Review | Dan Brown’s latest a fun-filled adventure, despite author’s Trump-like bluster
Professor Robert Langdon returns in a formulaic tale of high-culture clues and low-brow prose
Origin
by Dan Brown
Doubleday
Two thirds of the way through Origin, Dan Brown’s seventh novel, the reader comes upon a joke. Robert Langdon, the now-familiar professor of symbology who works (as Brown’s narrator often reminds us) at Harvard University, has just done what he does best: cracked a code that may change the course of human history. Having entered the 47-digit password into a supercomputer, Langdon hits enter. And … nothing.
Our hero is shocked. We are shocked.

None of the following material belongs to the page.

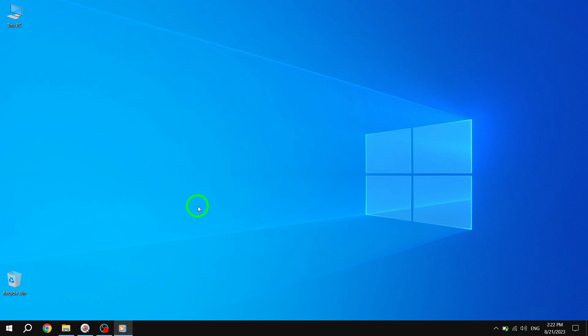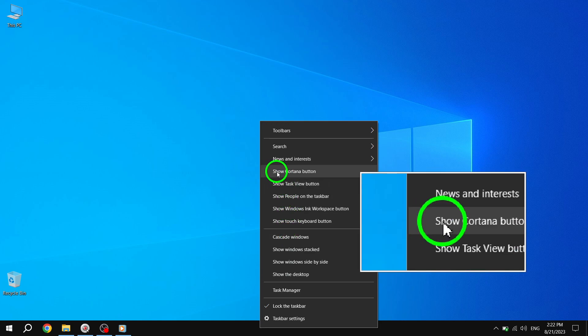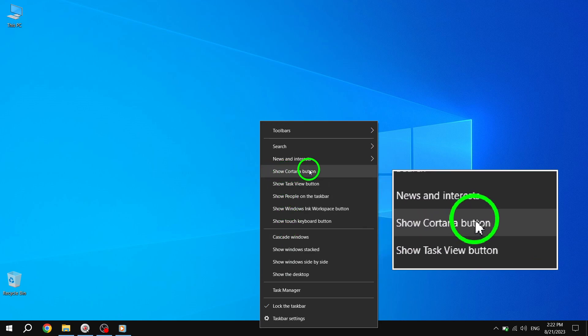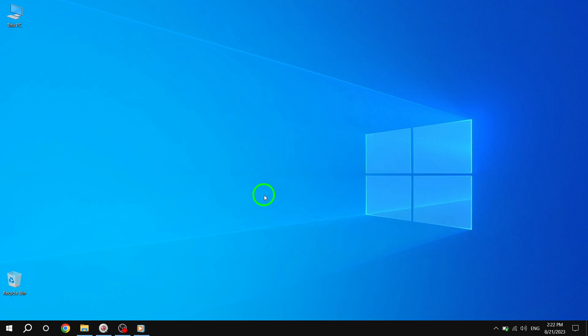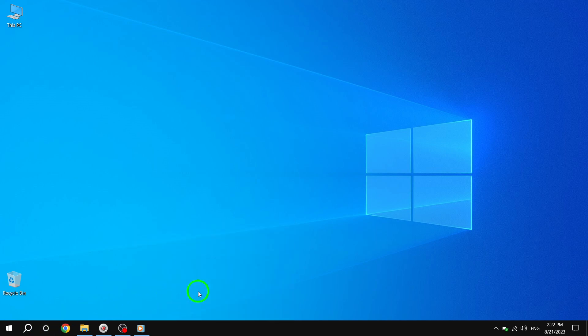To begin, right-click on the taskbar. This will bring up a context menu with various options and settings related to your taskbar. Next, locate and click on 'Show Cortana button' in the context menu. Enabling this option will add the Cortana button to your taskbar, providing easy access to Cortana's features and functionalities.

Codes, even 47-digit ones, don’t normally resist Robert Langdon of Harvard University. He turns to his companion, Ambra Vidal (a stunningly beautiful woman – as so often in Langdon’s adventures – with whom he shares all the sexual chemistry of a used teabag) and is surprised to find her smiling. “Professor,” she says. “Your caps lock is on.”
As the title proclaims, Brown’s seventh outing is concerned with nothing less than the beginnings of the universe and life itself. The vehicle is Edmond Kirsch. Though he sounds like an aperitif, he is actually the sort of brilliant polymath who inhabits Brown novels: two parts Steve Jobs, one part each Malcolm Gladwell and Richard Dawkins, and a dash of anyone who has ever given a TED talk. It goes without saying that he is also a former student of Langdon (at Harvard, in case you had forgotten). Vehemently opposed to all religion, Kirsch has made a discovery that will blow every single church out of the holy water.